How do I read a directory as a file in Unix?

How do I read a directory as a file in Unix? - unix

I understand that a directory is just a file in unix that contains the inode numbers and names of the files within. How do I take a look at this? I can't use cat or less on a directory, and opening it in vi just shows me a listing of the files...no inode numbers.

Since this is a programming question (it is a programming question, isn't it?), you should check out the opendir, readdir and closedir functions. These are part of the Single UNIX Spec.
#include <sys/types.h>
#include <dirent.h>
DIR *opendir (const char *dirname);
struct dirent *readdir(DIR *dirp);
int closedir(DIR *dirp);
The dirent.h file should have the structure you need, containing at least:
char d_name[] name of entry
ino_t d_ino file serial number
See here for the readdir manpage - it contains links to the others.
Keep in mind that the amount of information about a file stored in the directory entries for it is minimal.

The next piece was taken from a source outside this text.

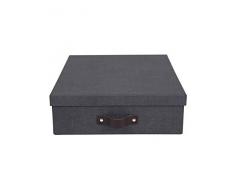Bigso Box of Sweden Caja de almacenaje con tapa para folios A4, folletos, etc. â Organizador de documentos con asa â Organizador de escritorio de tablero de fibras y papel con aspecto de lino â negro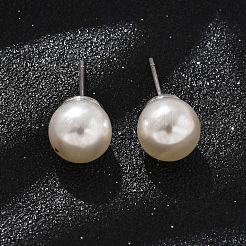 Ohrstecker aus ABS-Kunstperlen in Messing&nbsp;EJEW-B132-01B-P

The inode itself contains the stuff you get from the stat function, things like times, size, owner, permissions and so on, along with the all-important pointers to the actual file content.

In the old days - Version 7, System III, early System V - you could indeed open a directory and read the contents into memory, especially for the old Unix file system with 2-byte inode numbers and a limit of 14 bytes on the file name.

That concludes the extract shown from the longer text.